First published: 28/07/15.

Tom Livesey

Cuenca

Cuenca (Inscribed)

Cuenca by Els Slots

In June 2014 I arrived with friends by train from Valencia, which took only an hour or so. Cuenca's un-picturesque new town sprawls around the base of the hills, and isn’t exactly what tourists come expecting to see. Not to worry though, as walking up the hill proved to be well worth it, putting us in a town that time forgot. Cuenca’s centrepiece is its cathedral, built 1182-1270, which was the first Gothic cathedral in Spain. We went inside for the audio guide tour (€3.80).

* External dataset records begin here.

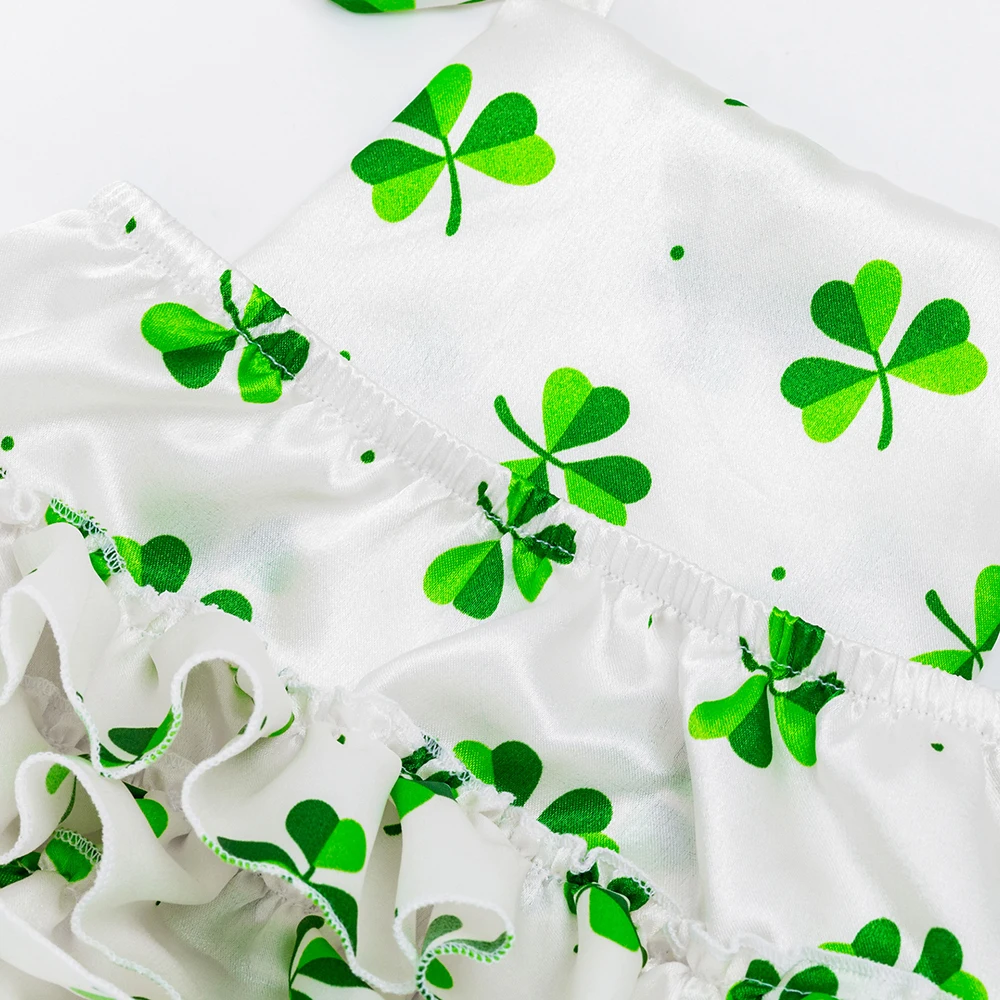 Комплект одежды для новорожденных малышей девочек костюм на бретельках Дня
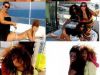 Uite cum petrecere Rihanna timpul liber cu prietenele – GALERIE FOTO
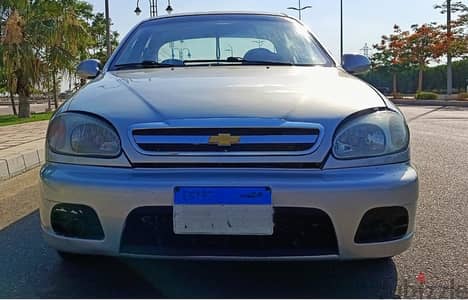 Chevrolet Lanos 2010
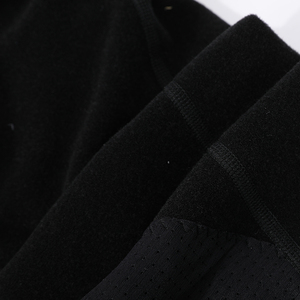 Cuissard de cyclisme pour <span class=keywords><strong>homme</strong></span> Cuissard ergonomique respirant longue distance <span class=keywords><strong>hiver</strong></span> résistant à l'usure Team Club Noir Cuissard de cyclisme - Product Image 5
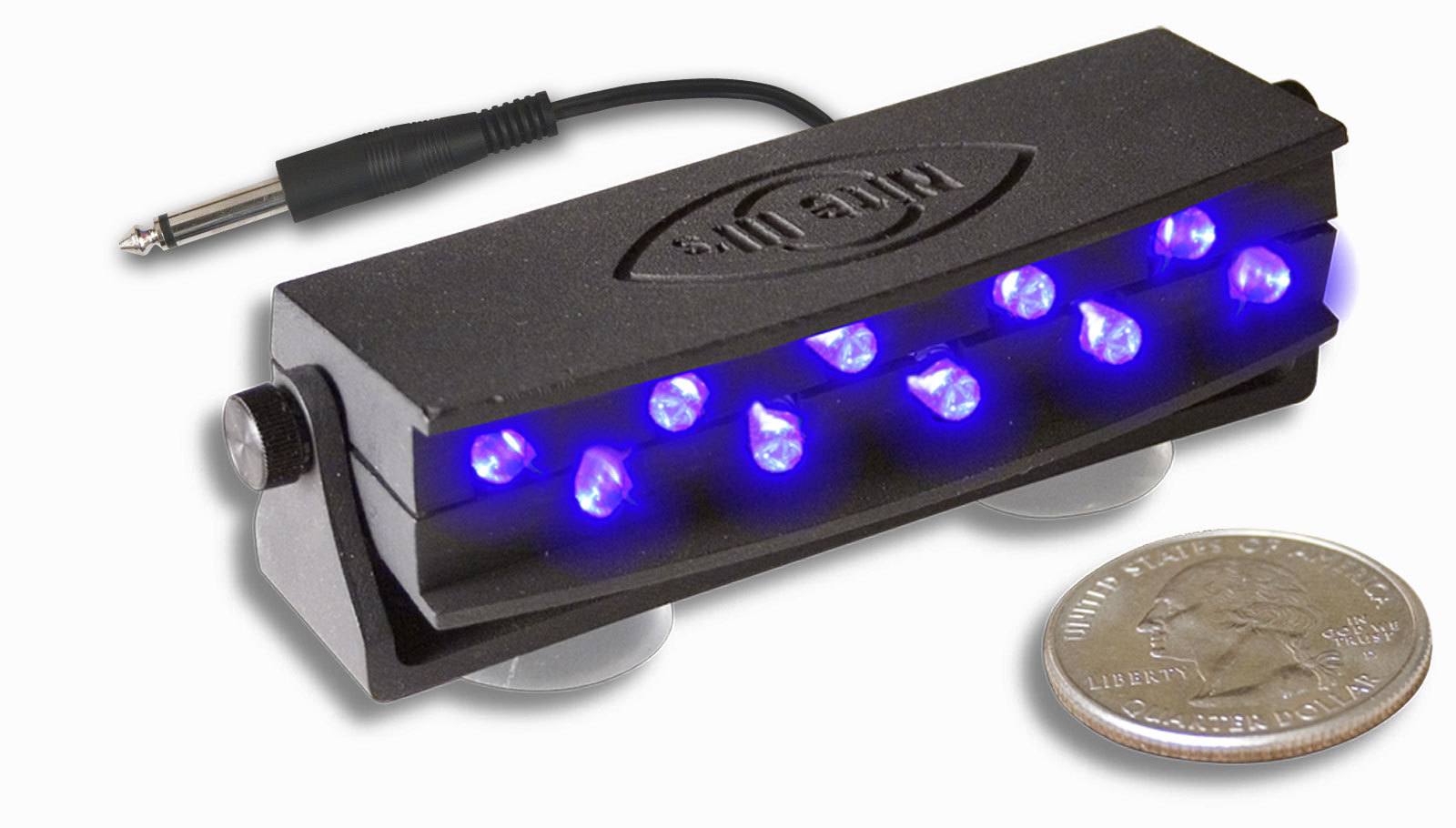 Set of Nite iii's Blacklight LED Fishing Lights with Phono Plug eBay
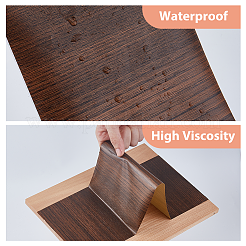 PVC Self-adhesive Wall Decoration&nbsp;DIY-WH0651-05A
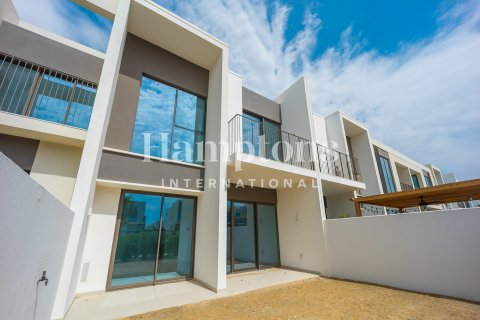 تاون هاوس في Al Manara, Jumeirah Village Triangle, دبي 3 غرف نوم, 173.91441600 م² رقم 96801 - صورة 19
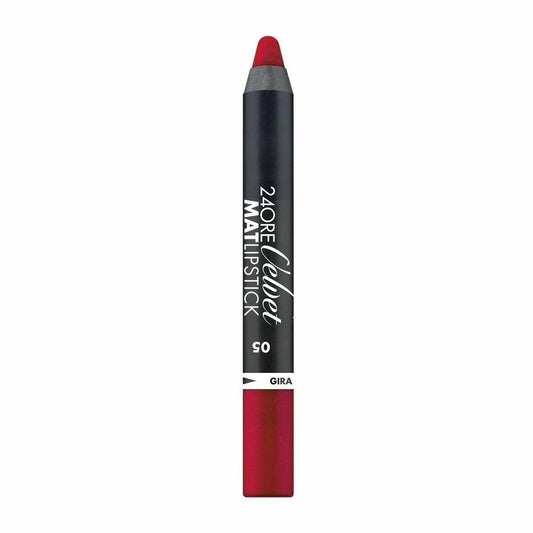 Lipstick Deborah 24Ore Velvet Mat Nº 05 byKim Deborah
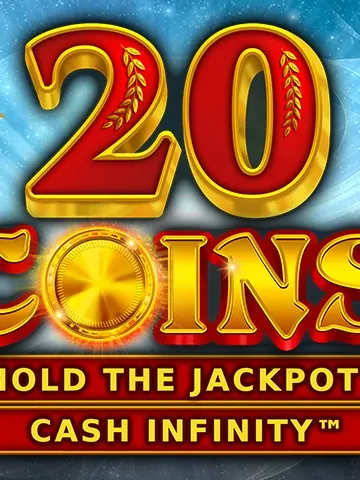 20 Coins Love the Jackpot
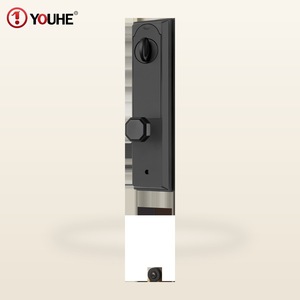 Atrium için Kanatlı Top Düğmeli Şifreli Kulp Kilidi - Product Image 2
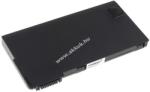 Powery Helyettesítő akku MSI típus MS-1682 6600mAh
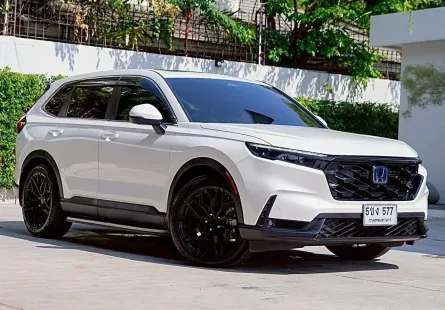 HONDA CR-V e:HEV 2.0 ES 2WD(5 Seat)(G6) | ปีจด : 2024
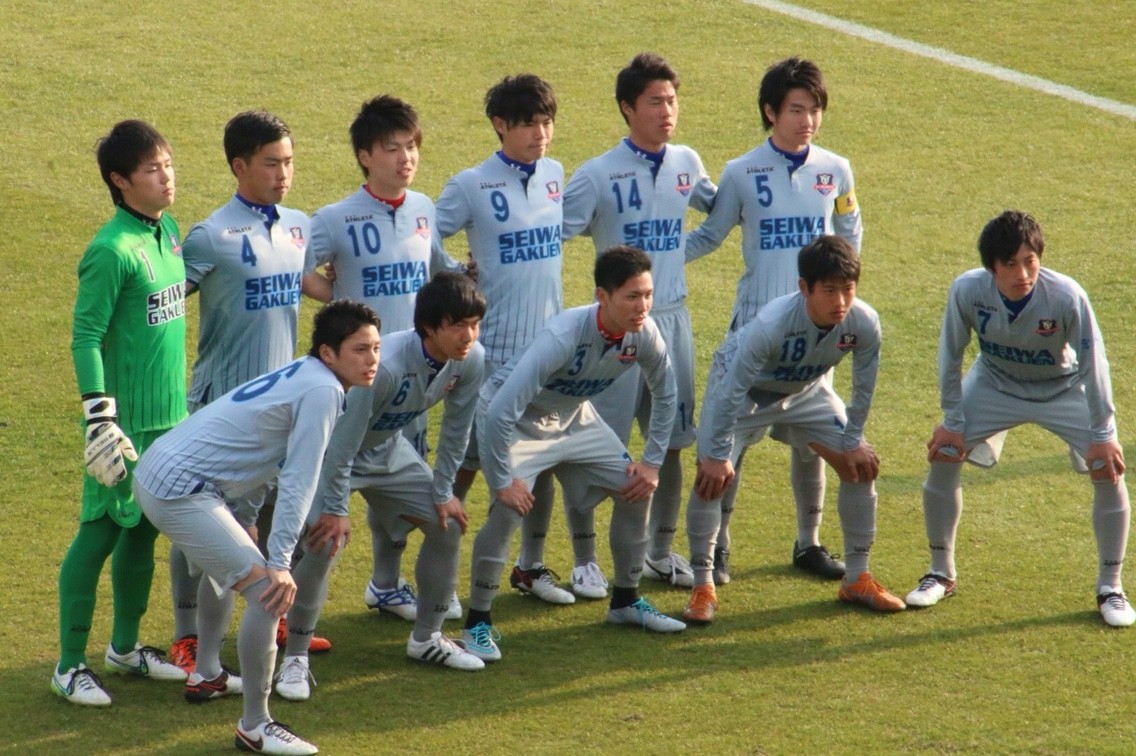 326 聖和学園高校 Vs 野洲高校 蹴球日々 326 聖和学園高校 Vs 野洲高校 蹴球日々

The next day we explored this small town further. It was about midday, the sun was beating down and the views were amazing. Exploring the rocky outcrops, it felt like the wild west. More Mexico than Spain. There weren’t really any safety barriers, so you were pretty much free to walk around and fall off as you pleased. I like that freedom to take your own risks.

After lunch we walked into town. It is not only medieval sights to see in Cuenca – you should also check out the Museum of Spanish Abstract Art. The station we had arrived into was named after the Spanish-Filipino painter Fernando Zóbel, who was inspired to paint many of his abstract landscapes by the countryside surrounding Cuenca. There are plenty of other artists exhibited in the museum, and the setting seems perfect. Somebody there has had the good idea of putting in windows in the style of picture frames, with the intention being to showcase nature’s beauty as a piece of art.

Cuenca has other museums – I briefly visited the Cuenca Museum, which is dedicated to the history of the area. It didn’t really work for me, though, as the displays are solely in Spanish.